Several thousand person hours went into creating the existing site, so one of the goals is to re-use as much of the existing code and content as possible. Other goals include running on Windows, and minimizing the amount of effort required to complete the port.

To get started, I reviewed the existing implementation, and it consists of:
  • Just over 100 .asp files
  • 116 stored procedures
  • 1 database with less than 100 tables
I did some research, and based on this article I think it will be fairly easy to port to MySQL using the MyODBC connector. Here's an outline of the porting plan:
  1. Install MySQL and MyODBC
  2. Export the MS SQL Database to MySQL
  3. Modify the .asp code to connect to MySQL and use MySQL stored procedures
  4. Port the stored procedures from MS SQL to MySQL
I'll post more details as we work on the port the MySQL - should be fun!


Roland Bouman said...

Hi Tom!

If I may give you some advice, I would spend some serious time reviewing the stored procedure code before you start porting. You may run into MySQL missing particular features, and its best if you know what kinds of things you run into, and whether that still justifies porting MS SQL SP's to MySQL SP's (as opposed to porting MS SQL SP's to code outside the database).

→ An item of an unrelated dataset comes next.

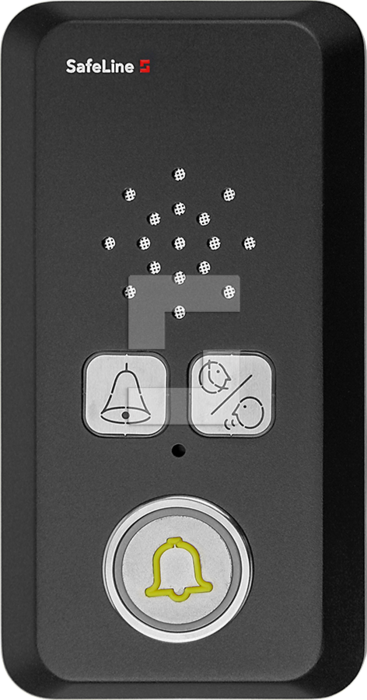 SafeLine MX3+, design for utenpåliggende montering, i mørk mattert svart med piktogramlinser og knapp (1)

Now, if I would find that substantial effort was required to rebuild SP functionality in code, I would spend some time thinking whether I'd want to do that in .asp.

I know, one should avoid turning over every stone, and if an easy port of only the database is possible, I would go for that.

Tom Hotchkiss said...


Thanks so much for the valuable advice - I'll review the stored procedures and consider the options - should be interesting.


Sheeri K. Cabral said...

Tom -- looks like a plan. Have you checked out ? It not only points out some tools, but shows some of the concerns (Especially Roland's above...)

Darren Cassar said...

Hi Tom,
It's great to see your enthusiasm, but given I'm currently migrating Sybase to MySQL (although it's for a few thousand stored procs and a few databases with an average of 400tables each), I wanted to bring some things to your attention before you start the migration.

Be careful for:
custom data types (mysql doesn't support them)
timestamp datatypes if they are using any kinds of milliseconds (mysql storing of milliseconds can be done using decimal instead of timestamp but you'd have to hack a bit with that), generation of milliseconds is on the other hand something you must do using a UDF (user defined function).

There are of course other issues but it'll be a fun project i'm sure :)

If you only have few objects to migrate, you might want to have a look at sqlways which would facilitate your conversion. If you have less than 100 tables you could migrate those for free :).